Pertama, menurut Harist, masyarakat yang bermoral dan beradab adalah dambaan semua orang di Indonesia. Dan tatanan beradab membutuhkan piranti berupa norma-norma adat atau dalam wujud regulasi.
“Kendati demikian, sebuah ketentuan regulasi itu tidak boleh kemudian mengkebiri hak-hak dasar masyarakat untuk melakukan kritik atau amar makruf nahi munhkar kepada penguasa atau sesama anggota masyarakat,” ujar Harist.
Kedua, Harist mengatakan, SE Kapolri tersebut bukan regulasi atau norma hukum, namun itu tuntunan teknis bagi pihak aparat keamanan untuk menghadapi persoalan terkait ujaran kebencian. Justru, di sinilah titik krusialnya, karena SE itu potensial melahirkan blunder hukum dalam kehidupan sosial politik masyarakat karena SE bukan regulasi dan norma.
“Di samping soal substansi SE terkait diksi ‘ujaran kebencian’ atau diksi ‘kebencian’ dan ‘menyebarkan kebencian’ itu sangat ambigu,” imbuh Harist.
Menurut Harist, tafsirnya bisa sangat subyektif tergantung kepentingan.
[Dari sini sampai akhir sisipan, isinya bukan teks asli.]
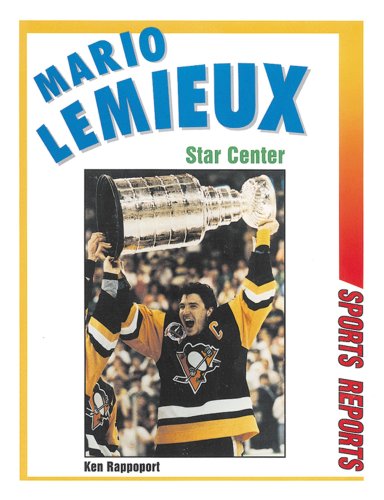 Beispielbild fr Mario Lemieux : Star Center zum Verkauf von Better World Books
Terlebih lagi obyek jangkauannya yang begitu luas, semisal untuk para khotib atau pengkutbah, pengajian, ceramah agama, dakwah dimedia cetak maupun media online.
“Tentu ini akan melahirkan problem baru,” kata Harist yang juga pengamat terorisme.
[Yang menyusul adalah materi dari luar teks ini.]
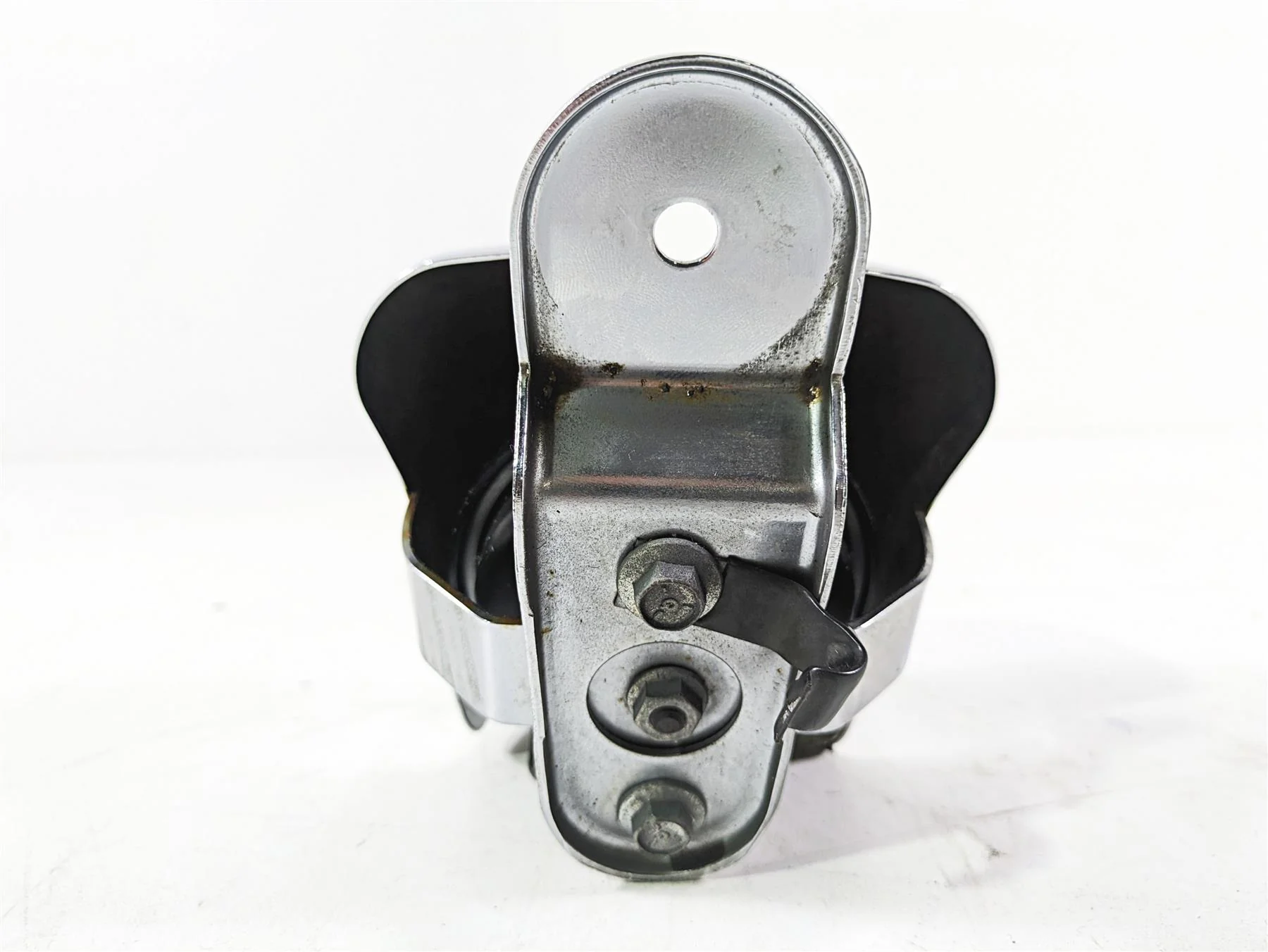 2020 Harley Touring FLHT Electra Glide Horn & Chrome Cover 61300523A - Image 5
Ketiga, Harist menuturkan, kalau melihat munculnya SE dalam konteks konstalasi politik kenegaraan yang lagi didera banyak masalah dan bisa dibilang kondisi status quo yang cukup kritis maka SE ini tampak sekali motif kepentingan politik status quo memboceng di dalamnya.
“Status quo yang bernafsu menjelma menjadi rezim otoriter dengan alasan membangun keadaban,” cetus Harist.
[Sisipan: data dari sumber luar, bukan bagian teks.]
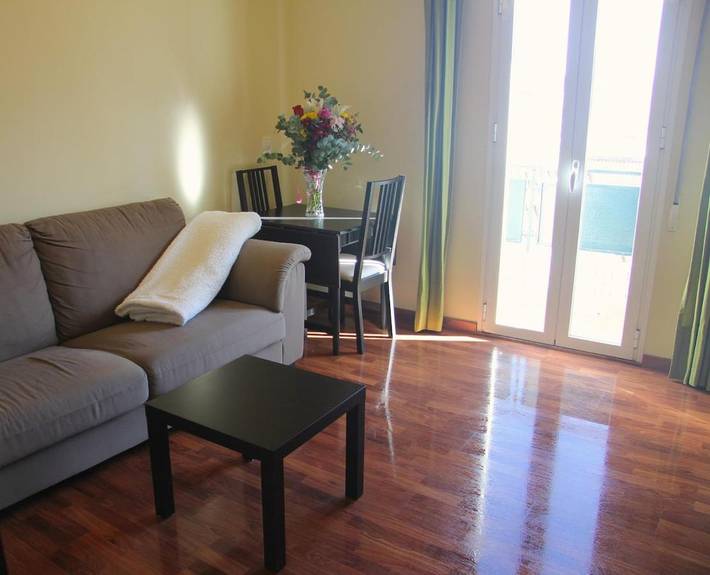 Apartamento de vacaciones para 3 personas, con vistas y terraza - 1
Keempat, menurut Harist, jika benar motifnya itu adalah membangun keadaban kehidupan sosial politik bermasyarakat maka, tidaklah cukup dengan soal ujaran kebencian yang harus di bereskan, tetapi juga ujaran kebohongan, ujaran penipuan, ujaran penyesatan publik dan lain sebagainya.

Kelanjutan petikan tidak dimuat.